New Law to Help Louisville Deal with Blighted Property
Legislation Update
April 21, 2016
Senate Bill 230, sponsored by a bipartisan group of Louisville-area lawmakers, is meant to make it less costly for the city to use its power of eminent domain to take title to abandoned houses and lots.
The bill also allows the city to designate certain neighborhoods – most likely in west, central or southwest Louisville – as areas where delinquent tax bills are not offered for sale to third-party investors.
That means fewer outside interests will have claims on the equity in abandoned properties, which could make it easier to clear their title and make way for a new owner.
It’s the fifth state law change that Mayor Greg Fischer’s administration has secured over the years to deal with the city’s 8,200 abandoned structures and lots, spokesman Chris Poynter said.
“We’re slowly but surely making progress on this significant problem for our city,” Poynter said.
The bill, which only applies to Louisville Metro, cleared its final legislative hurdle April 1.
Sen. Morgan McGarvey, the bill’s lead sponsor, said it was a “big victory” to get legislation dealing with arcane property law issues through General Assembly.
He said lawmakers had to be assured that the new powers would not be hastily deployed against homeowners who might have missed a tax bill but haven’t abandoned their property.
“We are no way, shape or form expanding the power of eminent domain; we had to get a lot of people comfortable with that idea,” said McGarvey, a Democrat who represents the Highlands area.
“These are the worst of the worst properties — nobody wants them. The owner doesn’t want them. The bank doesn’t want them. The city doesn’t want them,” he added. “All of the safeguards remain in place to ensure this is only used on those properties no one wants.”
While abandoned houses rack up fines and can even be demolished by the city, Kentucky’s strong property rights make it costly and time-consuming to remove an absentee owner.
Properties often end up in perpetual disrepair because their title cannot easily be transferred to an owner who will correct the problems.
Fischer’s administration has begun filing foreclosure cases on a few hundred abandoned houses and lots.
But only once in the last decade has the city used a separate process – called spot condemnation – to strip an abandoned property from its owner through eminent domain.
SB 230 is aimed at making the spot condemnation process less costly. The process requires the city to pay the “market value” of the property to its owner and to any lienholders – like mortgage banks or tax lien holders.
But under the bill, the city commission approving the condemnation will be able to deduct from the property’s value the cost of fixing broken windows and other code violations or the cost of demolishing the house.
Jeana Dunlap, director of Metro government’s Office of Vacant and Public Property Administration, said spot condemnation still requires a judge’s approval and is not faster or cheaper than filing a foreclosure.
But the process ensures that a Metro government entity will end up taking title to the condemned property, whereas anyone can bid on properties that come up at foreclosure auctions, she said.

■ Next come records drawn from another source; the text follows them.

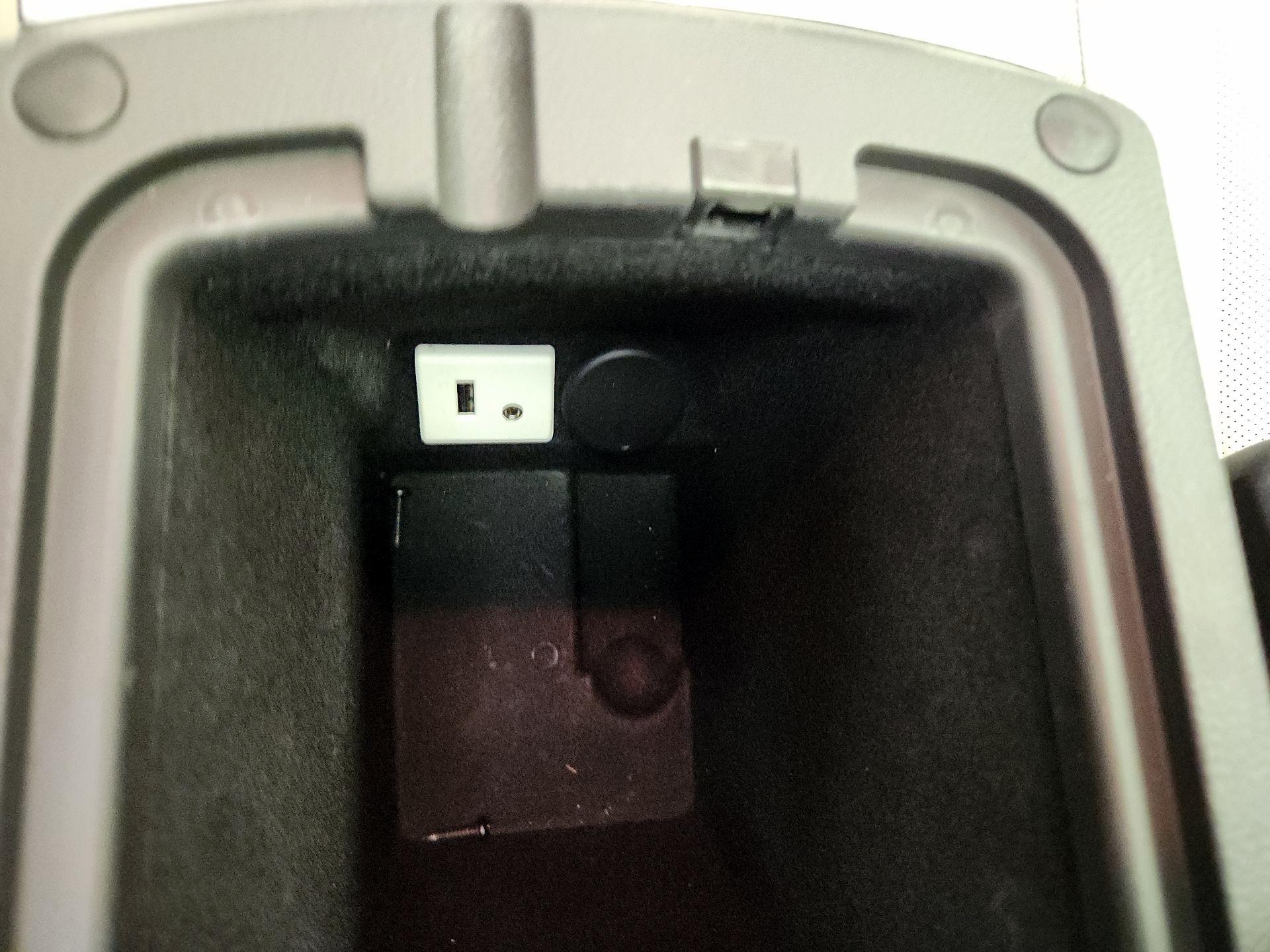 Thumbnail: 2016 Cadillac SRX - 19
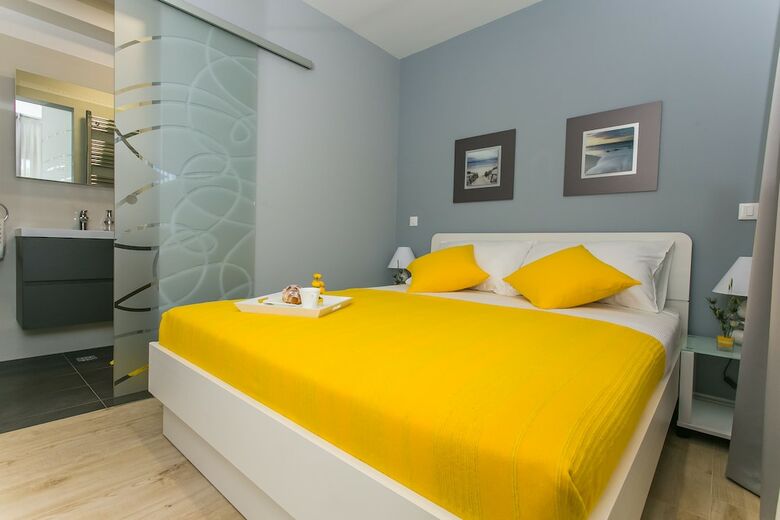Luxury  Apartments Giovanni With  Pool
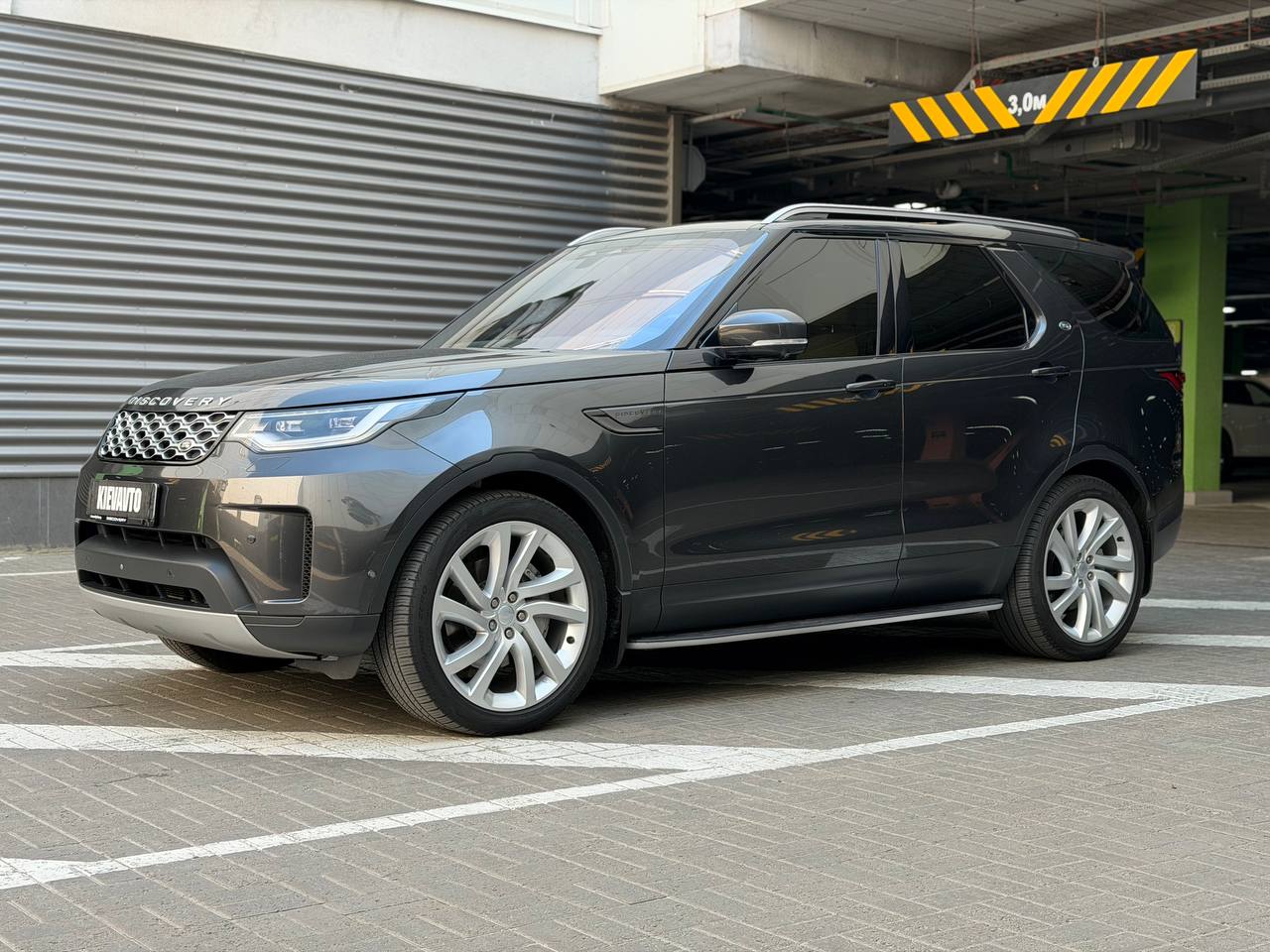 Купити Land Rover Discovery D250 Київ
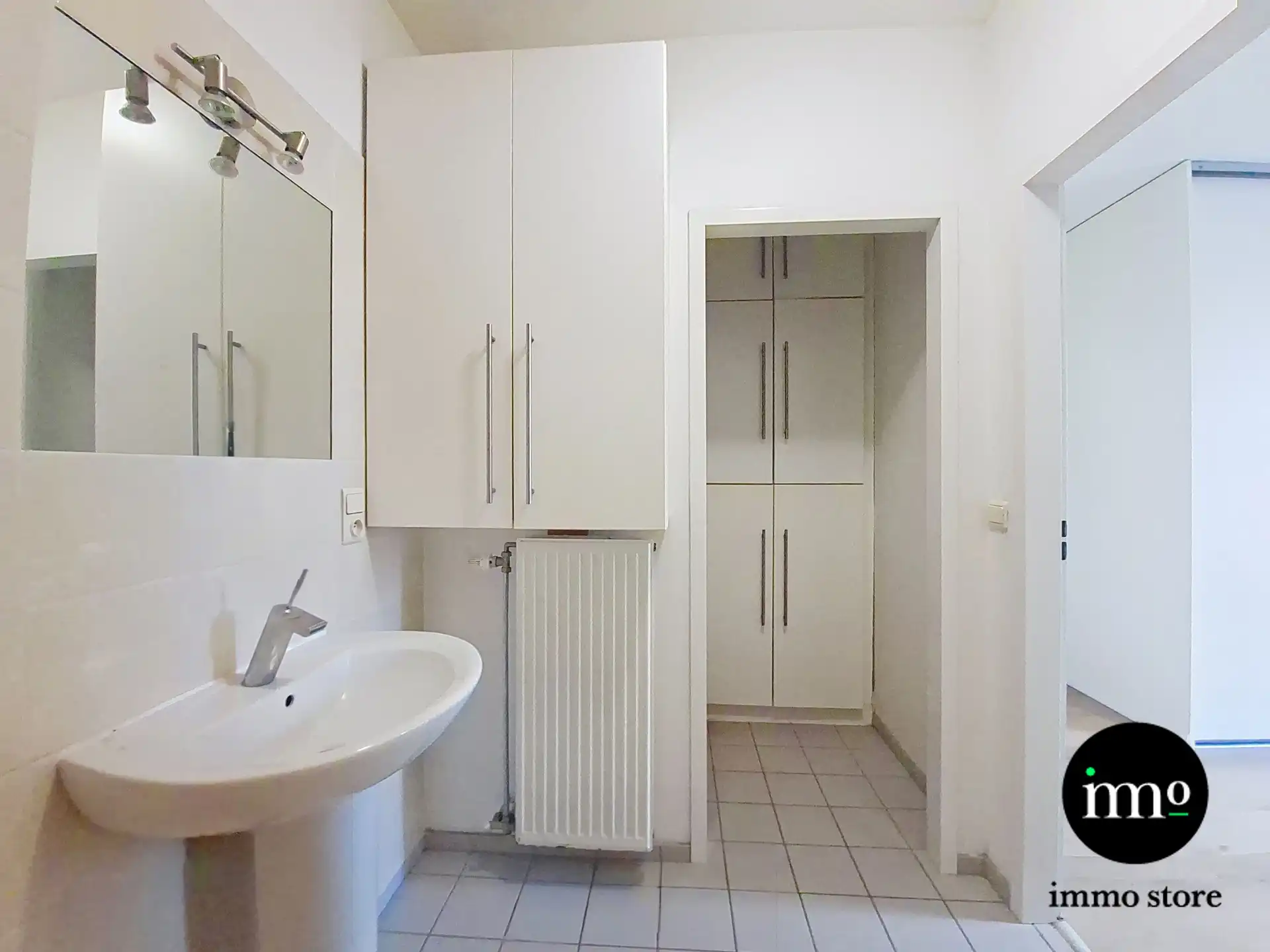 Lichtrijk 1-slaapkamerappartement met parking – Tour & Taxis foto 7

“When we are working on a neighborhood-level revitalization effort, we need more guarantees,” she said. “This terminates in a guaranteed opportunity for Metro to take title.”
Asked how many spot condemnations the city might undertake and how they will be funded, Dunlap said, “That is something we are in discussions about.”

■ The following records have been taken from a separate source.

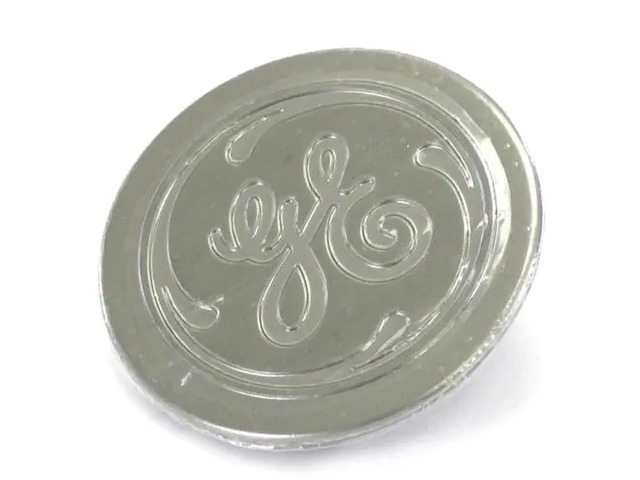 WR04X29375 Refrirator Bad Emblem Chrome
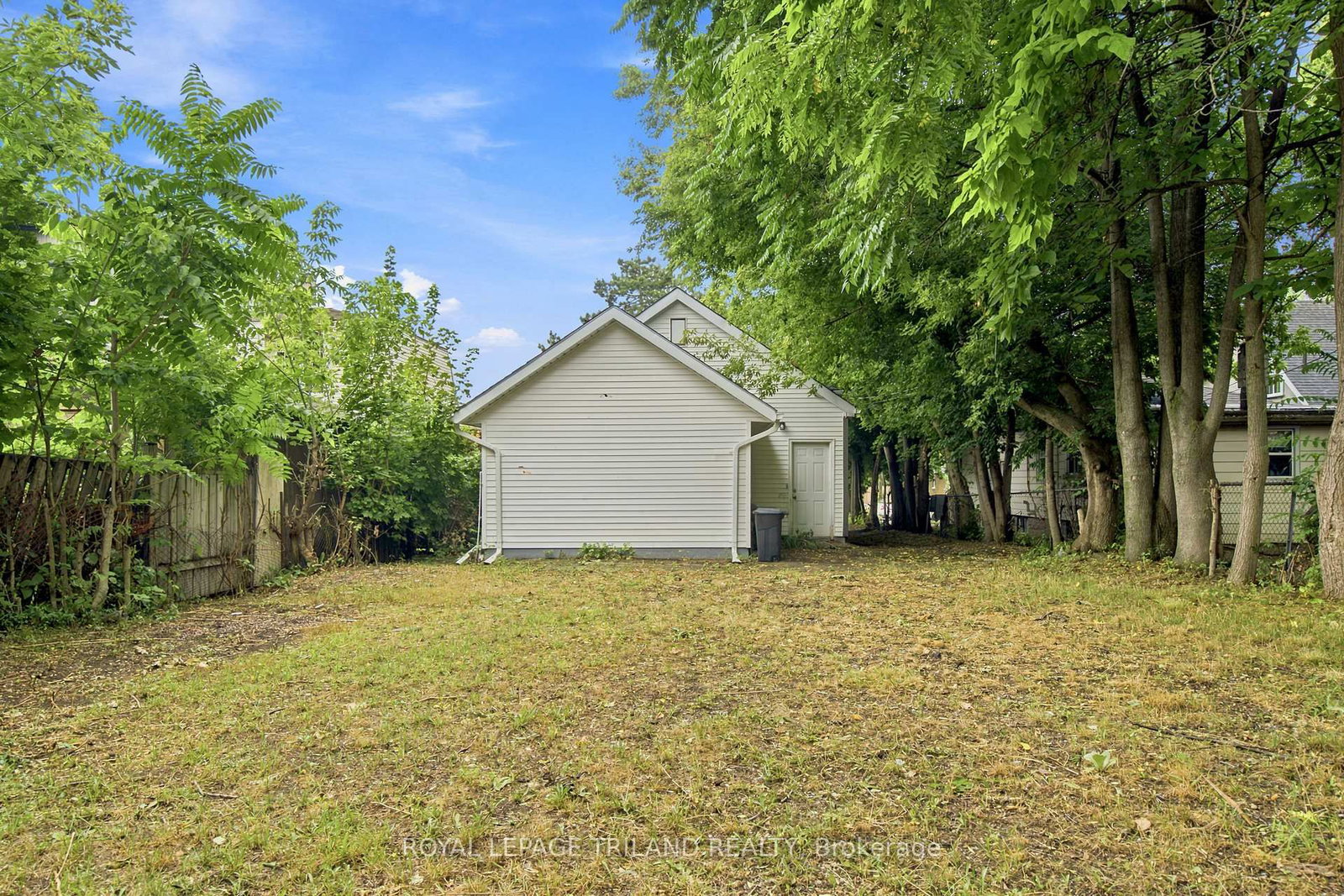 Listing Image 44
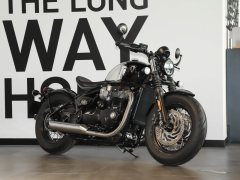 Triumph Bonneville Bobber 1200 cc - photo 12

The other change in the bill allows the city to designate certain properties or Census blocks in which to prohibit the sale of tax liens.
When absentee owners don’t pay their property taxes, companies like American Tax Funding and Tax Ease Lien Services can pay the bill on their behalf and file a lien against the property. They’re entitled to get their money back with interest, including from any proceeds of the sale of the home.

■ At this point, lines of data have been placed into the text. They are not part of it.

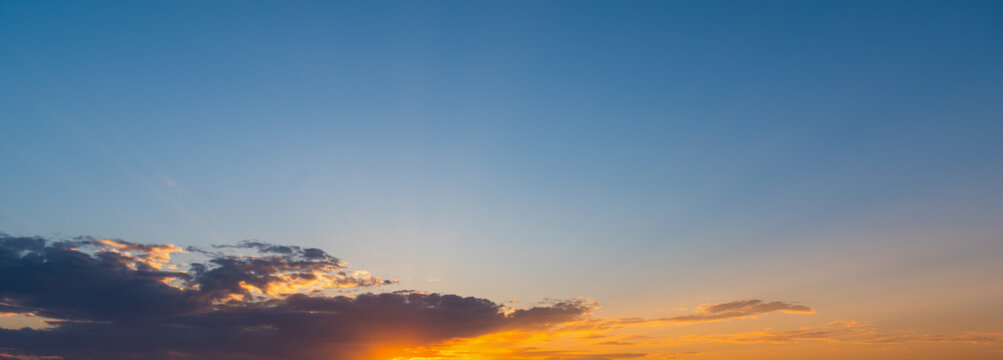 Colorful sky at sunset © Gabriele Maltinti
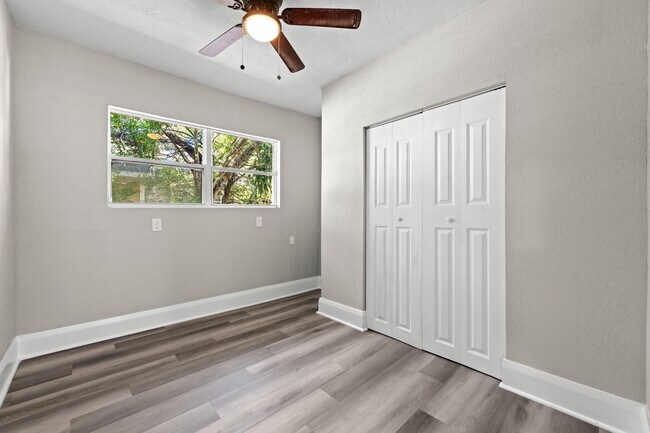 Building Photo - 1010 E Lake Ave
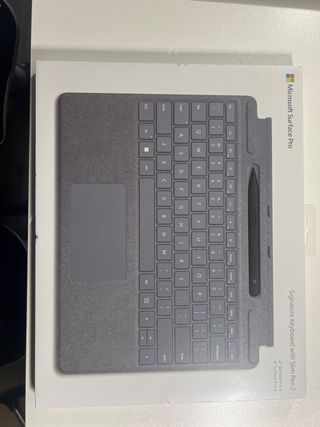 Microsoft Surface Pro 8 - 16GB RAM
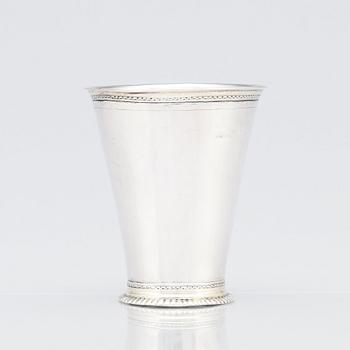 Friedrich Heinrich Klinck, bägare, silver, Stockholm 1738. Rokoko.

Vacant homes often accumulate tax liens, adding third-parties with claims to the property.
SB 230 only applies to future years; it does not remove the many years of tax liens that problem properties have already racked up.
Louisville – with its merged city/county status — is the only municipality in the state that lacks discretion on whether to sell tax liens, McGarvey said.
Louisville Republican Sens. Julie Raque Adams and Dan Seum and Democrat Perry Clark co-sponsored the bill. Rep. Jerry Miller, an eastern Jefferson County Republican, and Shively Democrat Joni Jenkins helped it get through the House, McGarvey said.
“That shows how this is a real Louisville issue,” he said. “You are talking about both ends of the (political) spectrum there.”
SB 229, a related bill sponsored by McGarvey, Adams and Sen. Denise Harper Angel, never got off the ground in the Senate. It would have expanded the power of the city’s land bank authority, which receives unwanted properties.